KMRB
- San Gabriel, California; United States;
- Broadcast area: Greater Los Angeles
- Frequency: 1430 kHz
- Branding: KMRB AM 1430 粵語廣播電臺

Programming
- Language: Chinese
- Format: Cantonese talk and music

Ownership
- Owner: Multicultural Broadcasting; (Multicultural Radio Broadcasting Licensee, LLC);
- Sister stations: KAHZ, KALI, KALI-FM, KAZN, KBLA

History
- First air date: August 1, 1942
- Former call signs: KWKW (1942–1950); KALI (1950–1999);
- Call sign meaning: Multicultural Radio Broadcasting

Technical information
- Licensing authority: FCC
- Facility ID: 52913
- Class: B
- Power: 50,000 watts (day); 9,800 watts (night);

Links
- Public license information: Public file; LMS;
- Webcast: Listen live
- Website: www.am1430.net

Chinese name
- Traditional Chinese: KMRB AM 1430 粵語廣播電臺
- Simplified Chinese: KMRB AM 1430 粤语广播电台
- Hanyu Pinyin: KMRB AM 1430 Yuèyǔ guǎngbò diàntái
- Jyutping: KMRB AM 1430 Jyut^{6}jyu^{5} gwong^{2}bo^{3} din^{6}toi^{4}

= KMRB =

Radio station in Pasadena, California

KMRB (1430 AM) is a broadcast radio station in the United States. Licensed to San Gabriel, California, KMRB serves the Greater Los Angeles area with a Cantonese language format. It is owned and operated by Multicultural Broadcasting.

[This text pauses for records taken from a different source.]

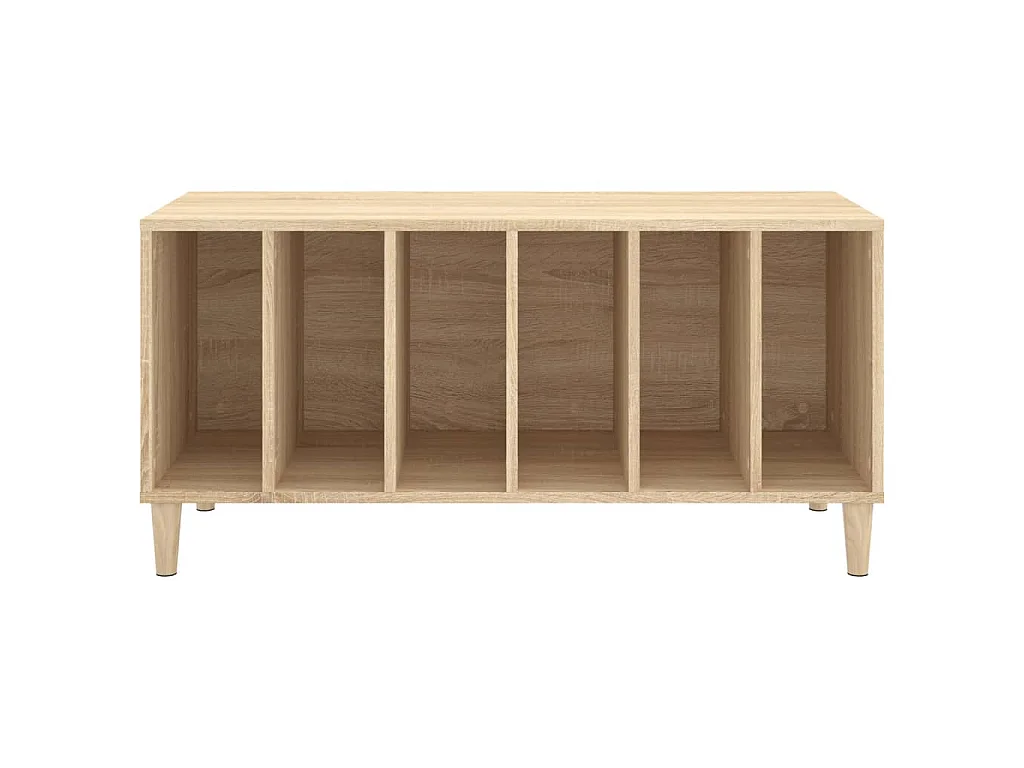 Plattenschrank Sonoma-Eiche 100x38x48 cm Holzwerkstoff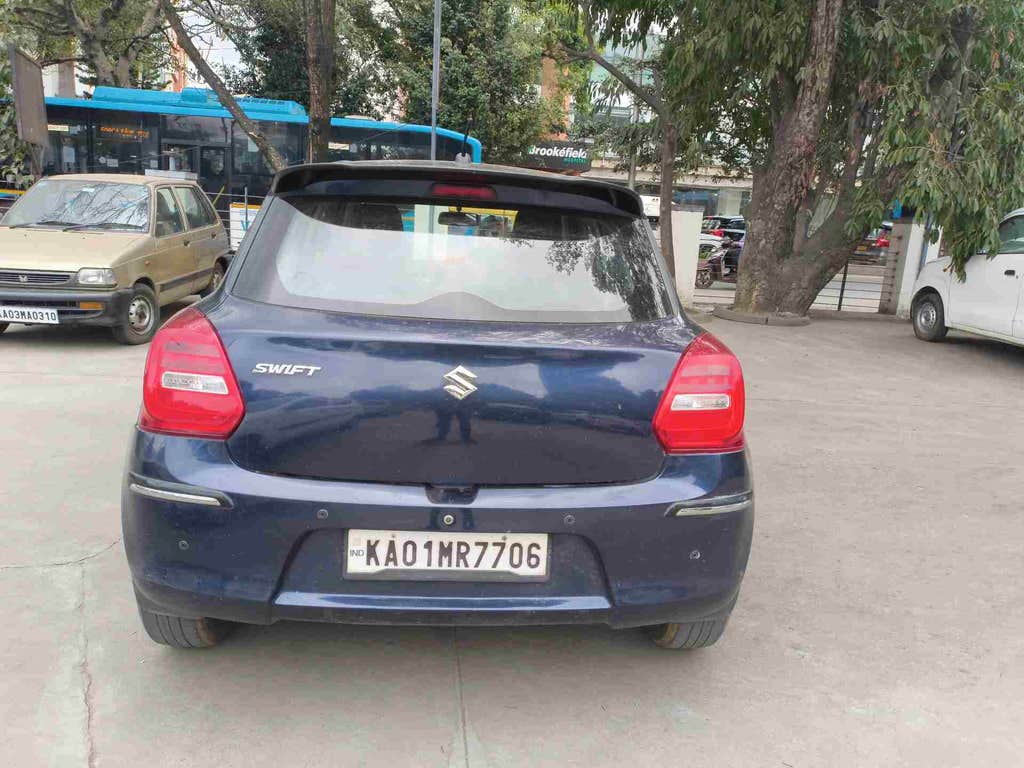 2018 Maruti Suzuki Swift Vxi Amt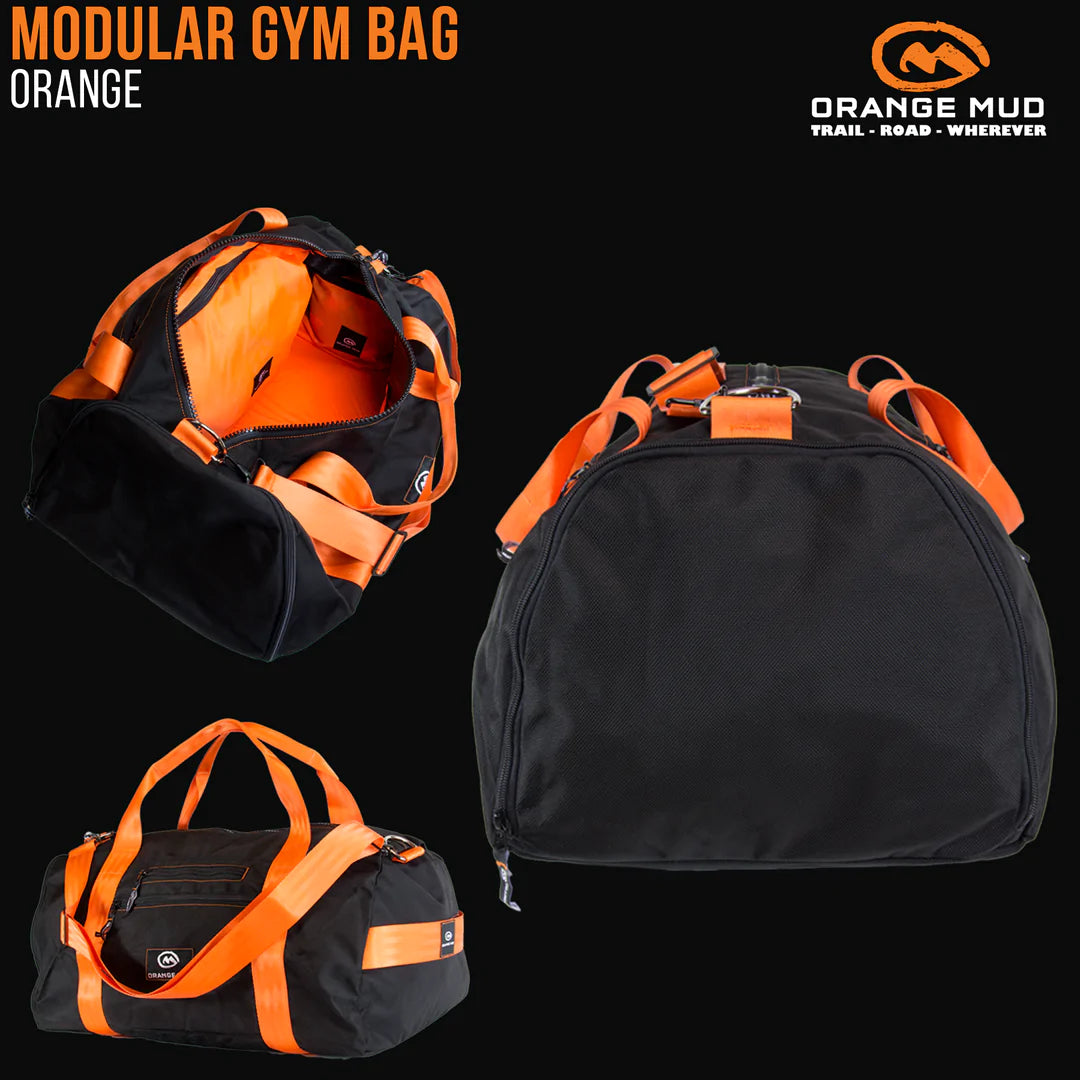 ORANGE MUD Modular Gym Bag with Shoe Compartment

The station originally signed on in 1942 as KWKW. From 1950 to 1999, the station had call sign KALI; it launched a Spanish format in the late 1950s. In 1994, Multicultural Broadcasting purchased KALI and converted it to its present Chinese format.

==History==
===As KWKW (1942–1950)===
The Southern California Broadcasting Company, headed by president Marshall S. Neal, obtained call sign KWKW on August 22, 1941 for a station to be licensed in Pasadena, California. In July 1942, Southern California Broadcasting announced plans to start broadcasting KWKW on August 1 with a community format focusing on business, culture, and civics in Pasadena. KWKW was first licensed September 30, 1942 as a 1,000 watt daytime only station.

In 1945, KWKW broadcast Pacific Coast Professional Football League games. KWKW also sponsored a "Miss KWKW" beauty pageant. Some KWKW programs were in foreign languages, including Greek, Hebrew, Japanese, Portuguese, and Spanish.

On January 18, 1950, John H. Poole purchased KWKW for $57,500.

===As KALI (1950–1999)===
Nearly a month after its purchase by John H. Poole, KWKW became KALI on February 16, 1950. In November 1951, Poole sold KALI to the Consolidated Broadcasting Company for $37,700 plus 85 percent of accounts receivable.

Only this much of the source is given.